Pada suatu ketika, Datuk Batuah dan Haji Miskin dengan bantuan seorang penghulu melarang penduduk Pandai Sikat menyabung ayam. Akan tetapi larangan ini tidak begitu diperhatikan oleh penduduk, karena itu Haji Miskin menjadi kesal, sehingga pada suatu malam balai tempat menyabung ayam tersebut dibakar. Akibatnya, Haji Miskin dikejar-kejar penduduk. Haji Miskin berhasil menyingkir ke Kota Lawas. Di sini, ia mendapat perlindungan dari Tuanku Mensiangan. Bersama Tuanku Mensiangan, Haji Miskin menceritakan apa yang sesungguhnya terjadi padanya dan mengutarakan keinginannya untuk mengembalikan kemurnian ajaran Islam. Mendengar cerita tersebut, Tuanku Mensiangan bertekad akan membantunya.
Dewan Harimau Nan Salapan
Sementara itu, kaum Adat semakin marah dengan apa yang telah dilakukan Haji Miskin. Kaum Adat terlibat perkelahian dengan orang-orang yang menaruh simpati kepada Haji Miskin di dekat Balai Panjang. Mendengar kabar ini, Haji Miskin menuju Kamang dan bertemu dengan Tuanku nan Renceh, salah seorang murid Tuanku Kota Tua. Atas usaha Tuanku nan Renceh, dibentuk lah Dewan Harimau nan Salapan yang beranggotakan Tuanku nan renceh, Tuanku Lubuk Aur, Tuanku Berapi, Tuanku Padang Lawas, Tuanku Padang Luar, Tuanku Galung, Tuanku Biaro dan Tuanku Kapau.

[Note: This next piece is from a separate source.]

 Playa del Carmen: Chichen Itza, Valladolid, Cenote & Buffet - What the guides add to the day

Sebelum melaksankan tujuan, mereka bermusyawarah dengan Tuanku Kota Tua. Tuanku Kota Tua menyetujui gerakan ini dan menyarankan agar dilakukan secara damai. Sebab, pembaharuan yang keras akan menimbulkan perlawanan yang keras.

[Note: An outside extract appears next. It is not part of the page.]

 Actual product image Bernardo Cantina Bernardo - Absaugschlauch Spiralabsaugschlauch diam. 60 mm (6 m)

Sejak saat itu, Tuanku nan Renceh mulai menggerakkan Dewan Harimau. Mereka mengeluarkan ketentuan-ketentuan baru. Tindakan-tindakan keras semakin ditingkatkan. Penaklukan daerah dilakukan secara beruntun. Dalam jangka waktu kurang dari setahun, seluruh wilayah dalam Luhak Agam berada di bawah kekuasaan mereka. Di setiap daerah yang sudah diduduki diterapkan aturan, pertama, tidak boleh mencukur jenggot, jika melanggar dikenai denda 2 suku. Kedua, gigi tidak boleh dipepat, jika dilanggar dikenai denda seekor kerbau. Ketiga, aurat laki-laki sampai ke lutut, jika dilanggar dikenai denda 2 suku. Keempat, perempuan yang tidak menutup muka, dikenai denda 3 suku.

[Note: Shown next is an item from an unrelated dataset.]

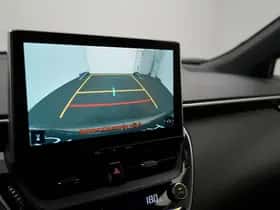Toyota Corolla_Cross (2026) thumbnail 30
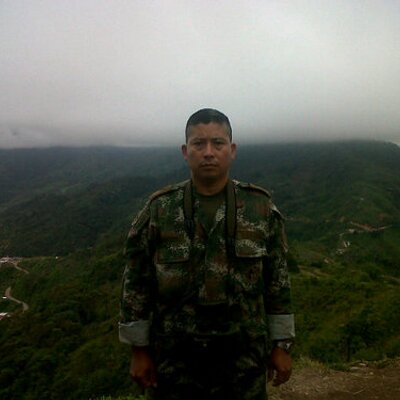 Profile Picture of Alexander Garzon (@alexgarzon72) on Twitter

Di beberapa daerah ketetapan baru ini diterima kaum adat secara terbuka, bahkan beberapa penghulu menjadi pendukungnya. Akan tetapi pihak keturunan Raja Pagaruyung secara terang-terangan menentangnya. Karena itu, sebagian keturunan kaum bangsawan yang tidak mengikuti aturan tersebut dikenakan hukuman mati. Menghadapi ancaman hukuman ini, kaum bangsawan mencari perlindungan. Pada awalnya mereka meminta bantuan Inggris yang telah membuka kantor di Air Bangis, Padang dan Pulau Cinkuk. Dua orang Tuanku dari Suroaso yang mewakili Raja Minangkabau mengahadap Raffles. Mereka adalah Tuanku Tangsir Alam dan Sultan Kerajaan Alam. Raffles melihat berbagai kemungkinan dan menimbang untung rugi. Tujuan Raffles sebenarnya untuk memperoleh daerah pedalaman yang subur. Namun, karena kekuasaan Inggris di Sumatra Barat diserahkan kepada Belanda sebagai pelaksanaan Perajanjian London (1824), maka kemudian kaum Adat beralih meminta bantuan kepada Belanda.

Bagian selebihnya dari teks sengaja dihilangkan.